Exercise description ▸
Given the material below, output exactly the lines from the line with "Engine VW GOLF" to the line with "cachorro brincalhão border", both ends included, and no other lines.

Material provided ▸
---

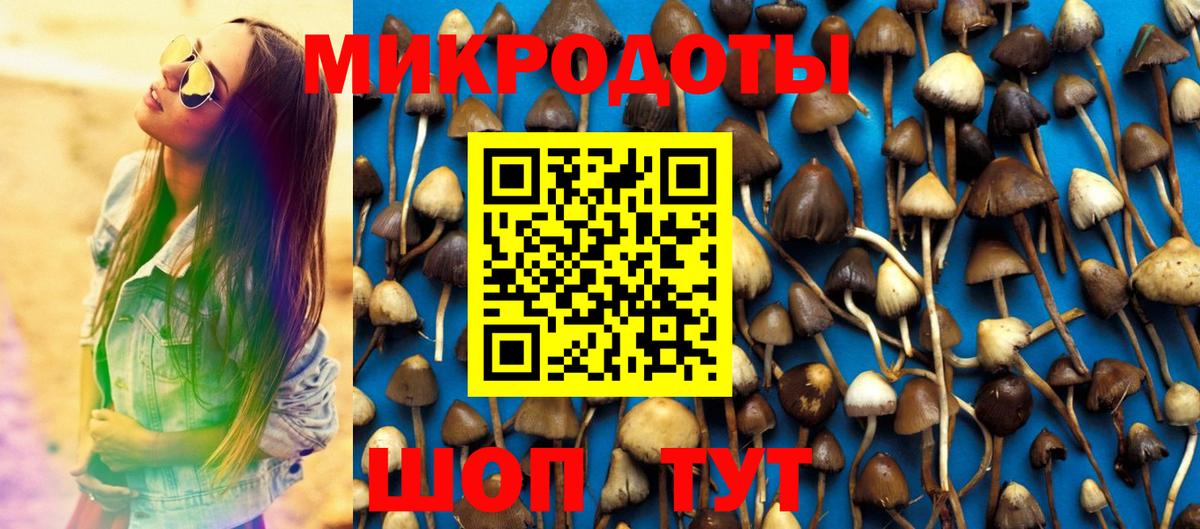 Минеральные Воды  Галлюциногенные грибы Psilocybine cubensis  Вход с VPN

---

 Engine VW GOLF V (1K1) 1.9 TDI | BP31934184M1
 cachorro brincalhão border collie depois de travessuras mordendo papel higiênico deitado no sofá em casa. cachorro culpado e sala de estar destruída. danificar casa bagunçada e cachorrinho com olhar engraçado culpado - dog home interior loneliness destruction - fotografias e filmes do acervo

---

Answer ▸
 Engine VW GOLF V (1K1) 1.9 TDI | BP31934184M1
 cachorro brincalhão border collie depois de travessuras mordendo papel higiênico deitado no sofá em casa. cachorro culpado e sala de estar destruída. danificar casa bagunçada e cachorrinho com olhar engraçado culpado - dog home interior loneliness destruction - fotografias e filmes do acervo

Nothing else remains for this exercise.